Henri was born in Holland and came to Canada when he was 12 years old, initially settling in Edmonton. He did his graduate work in Vancouver, where he met his spouse Leslie. They then worked in the Indigenous community of Anspa’yaxw, in the unceded Gitxsan territories in northern BC for five years, where their first child was born. After this, he and his family came to Victoria and he began his chaplaincy at UVic Multifaith.

In 28 years at UVic, Henri has seen some radical changes to the meaning and practice of campus ministry. “When I first came here, I was assigned by my faith community to serve the people who identified with my faith community—the United Church.” But this more siloed approach has transformed into a much more collaborative and interconnected community; now 14 chaplains from 12 faiths place emphasis on programming that serves students from many traditions and faiths, as well as those from no faith background.

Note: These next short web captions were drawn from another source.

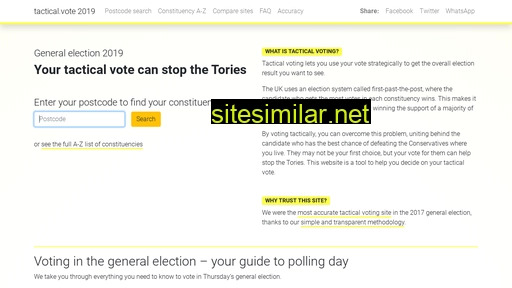 tactical.vote alternative sites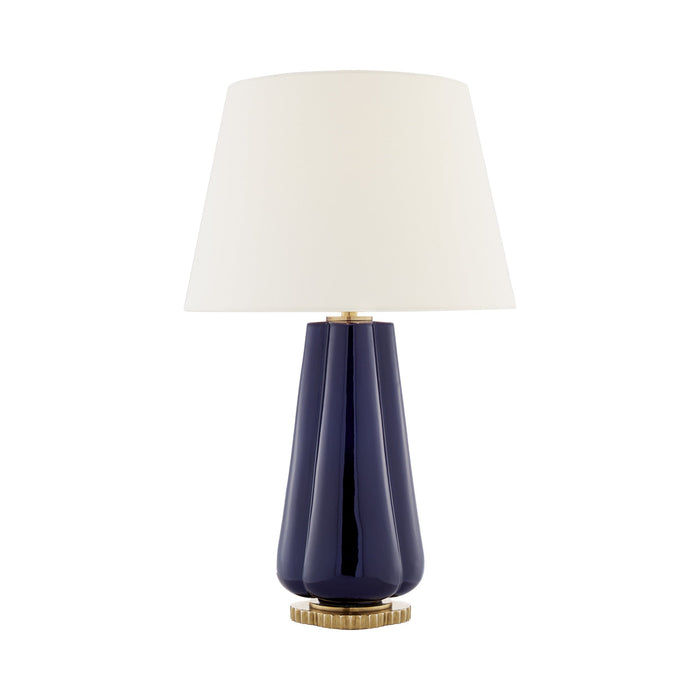 Penelope Table Lamp in Denim Porcelain.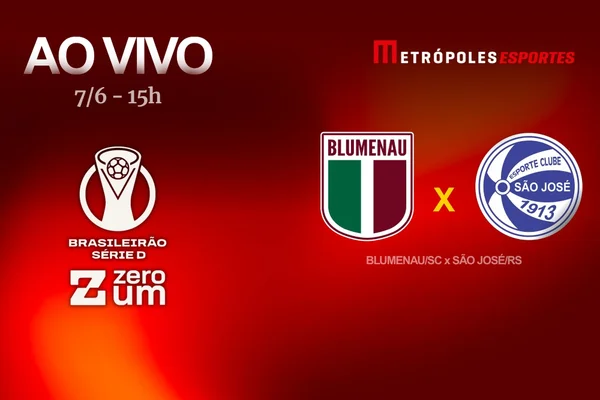 Série D ZeroUm: Metrópoles transmite Blumenau-SC x São José-RS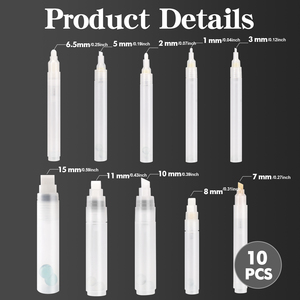 Sofort Lieferbar Verschiedene Größen Whiteboard-Marker mit Schrägflachem Pinsel 8mm Strichbreite Leere Marker-Stifte - Product Image 2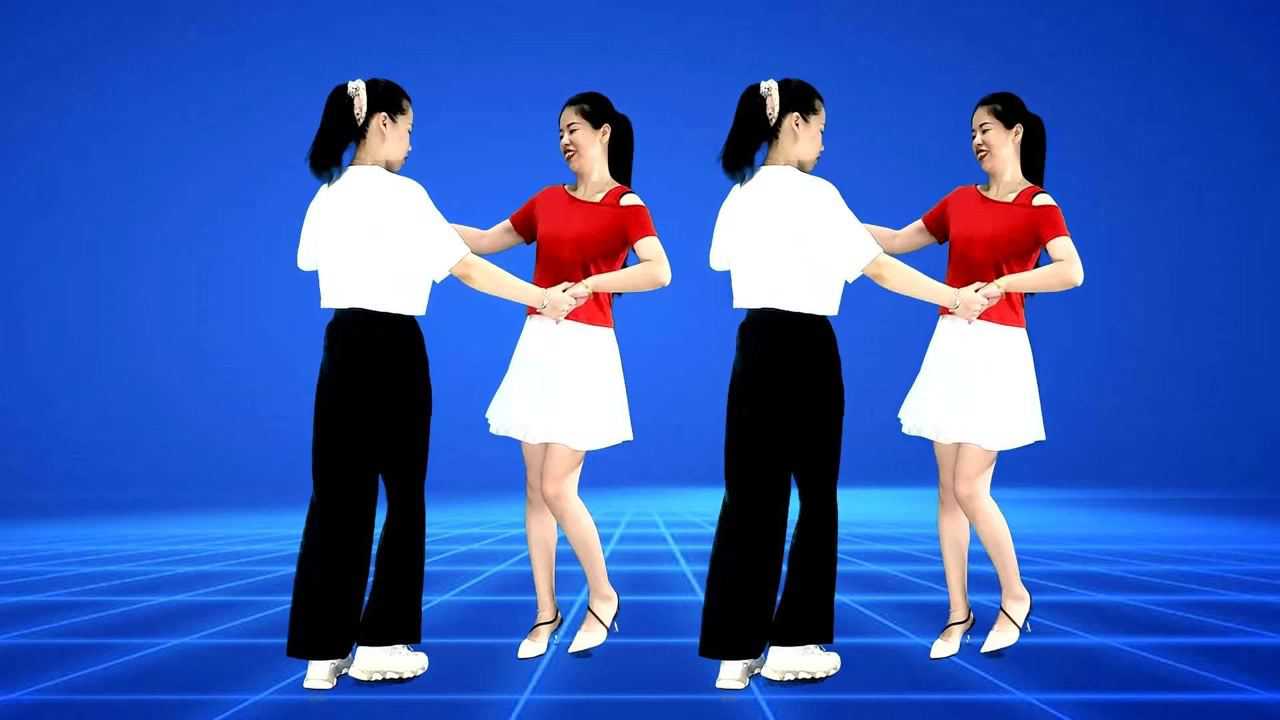 《舞女泪》简单易学,14步双人舞_腾讯视频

Henri’s colleague at Multifaith, Anglican Chaplain Rev’d Ruth Dantzer, knows Henri has been a leader in this transformation.

Henri has been a colleague, a mentor, and a dear friend to me. He has been, and will continue to be, an inspiration to many. Henri led with his heart, and helped shape Multifaith into a rich and meaningful resource at the University of Victoria. He poured love into his vocation as a campus chaplain, and through this, transformed many lives. The ripples of his ministry over these last decades will be felt for a long time to come.
Chaplain Rev’d Ruth Dantzer

This focus on creating a welcoming, inclusive community to all has come partly from listening closely to what students want and need. These changes involved new and fresh ways of offering spiritual support—often around environmental awareness and connection with nature. Henri heard from students that they were increasingly identifying as spiritual, but not necessarily as part of a specific faith tradition. He heard that many students were finding a lot of meaning in spiritual experiences they had at festivals, which led to the creation of Momentum Festival at Multifaith, capturing some elements from festival culture—conscious or ecstatic dance, drumming, yoga, contemplation and meditation—in a substance-free space that attracted around 150 students each year. 

These students are vocal about Henri’s impact on them and their profound experiences at Multifaith.

I am deeply appreciative of Henri’s work and presence in the time I’ve known him. I arrived at the Multifaith Centre as an outsider, yet his kindness and authenticity erased any tentativeness I had and allowed me to enter the community and further the social aspect of meditation. Henri’s love of his work and his faith is ever apparent and boundless.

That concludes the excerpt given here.